RECORDS PROVIDED -
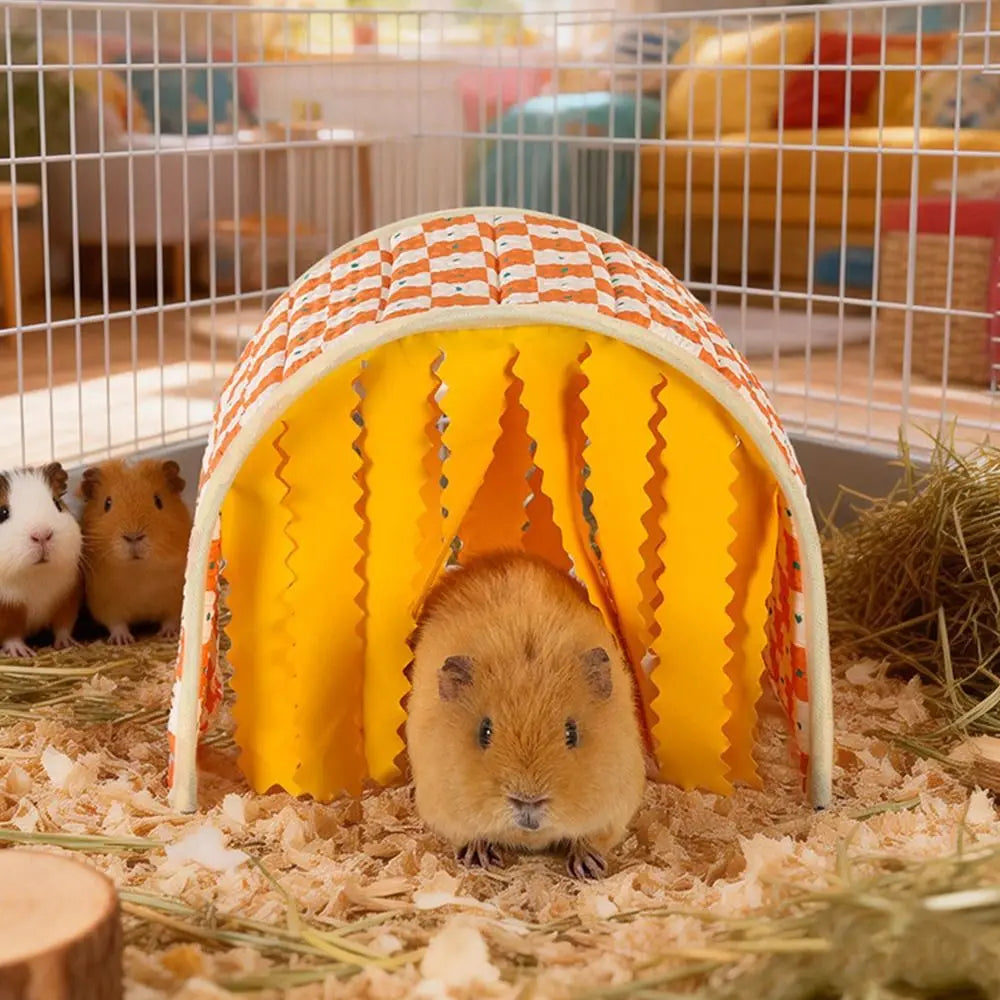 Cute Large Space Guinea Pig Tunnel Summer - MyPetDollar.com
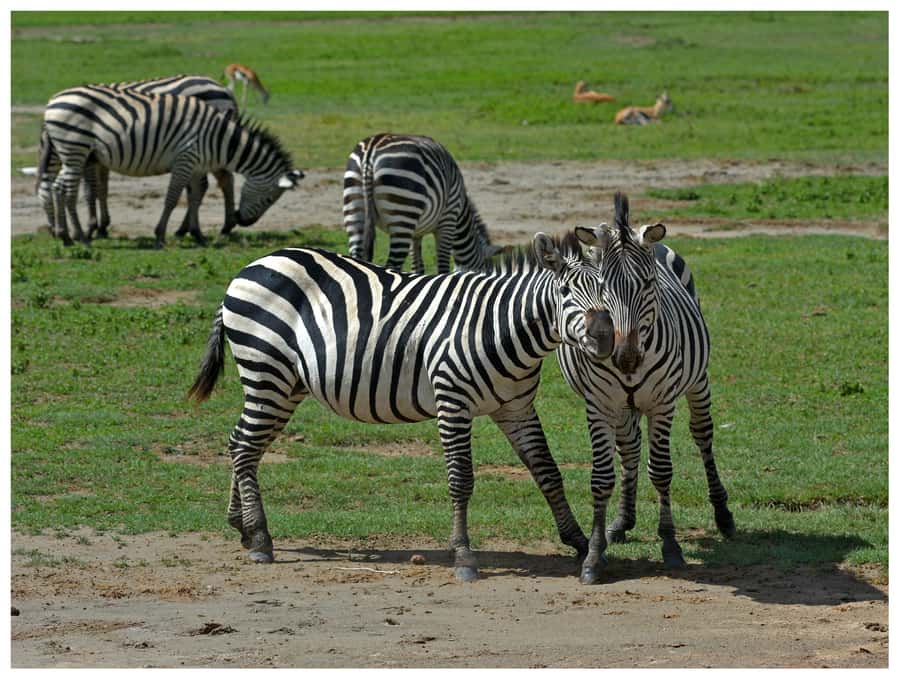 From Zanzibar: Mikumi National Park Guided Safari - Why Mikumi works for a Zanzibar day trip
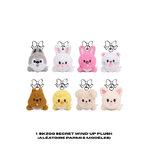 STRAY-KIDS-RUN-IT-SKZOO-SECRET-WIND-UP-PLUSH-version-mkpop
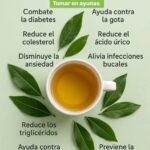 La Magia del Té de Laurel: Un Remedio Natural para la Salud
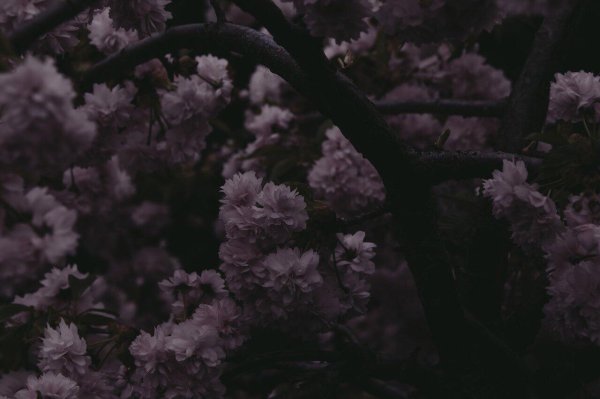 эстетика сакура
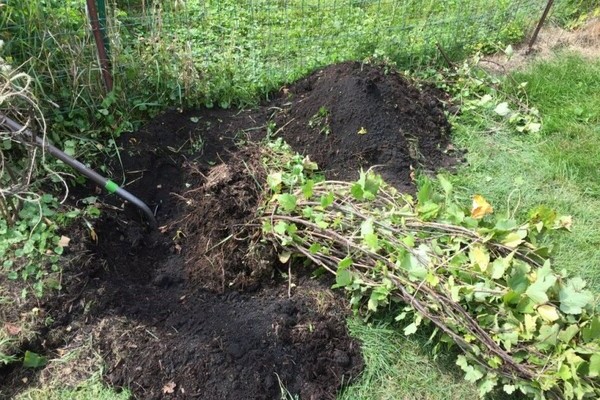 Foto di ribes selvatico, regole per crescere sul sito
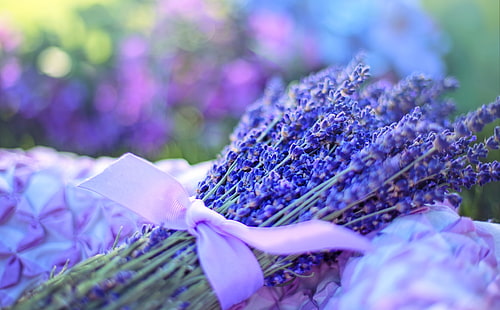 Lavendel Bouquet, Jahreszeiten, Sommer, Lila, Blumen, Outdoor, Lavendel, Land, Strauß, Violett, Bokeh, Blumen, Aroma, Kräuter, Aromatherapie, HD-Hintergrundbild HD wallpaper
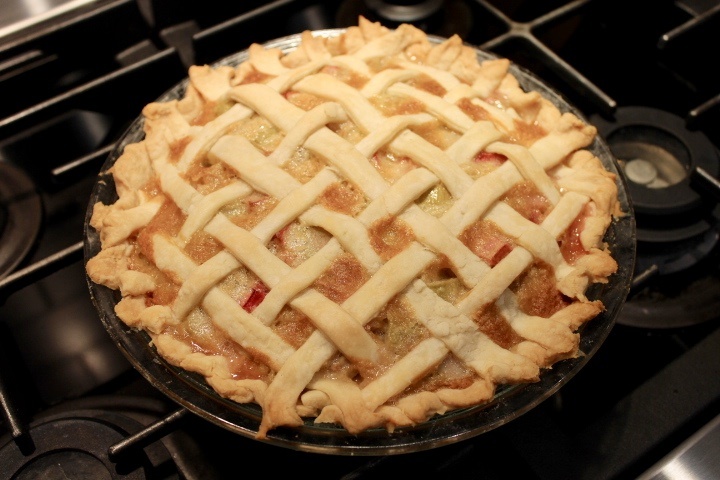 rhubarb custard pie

WHAT NEEDS TO BE DONE - Please repeat all of the data exactly as it stands, leaving the pictures out.

OUTPUT FOR THIS EXERCISE -
 Cute Large Space Guinea Pig Tunnel Summer - MyPetDollar.com
 From Zanzibar: Mikumi National Park Guided Safari - Why Mikumi works for a Zanzibar day trip
 STRAY-KIDS-RUN-IT-SKZOO-SECRET-WIND-UP-PLUSH-version-mkpop
 La Magia del Té de Laurel: Un Remedio Natural para la Salud
 эстетика сакура
 Foto di ribes selvatico, regole per crescere sul sito
 Lavendel Bouquet, Jahreszeiten, Sommer, Lila, Blumen, Outdoor, Lavendel, Land, Strauß, Violett, Bokeh, Blumen, Aroma, Kräuter, Aromatherapie, HD-Hintergrundbild HD wallpaper
 rhubarb custard pie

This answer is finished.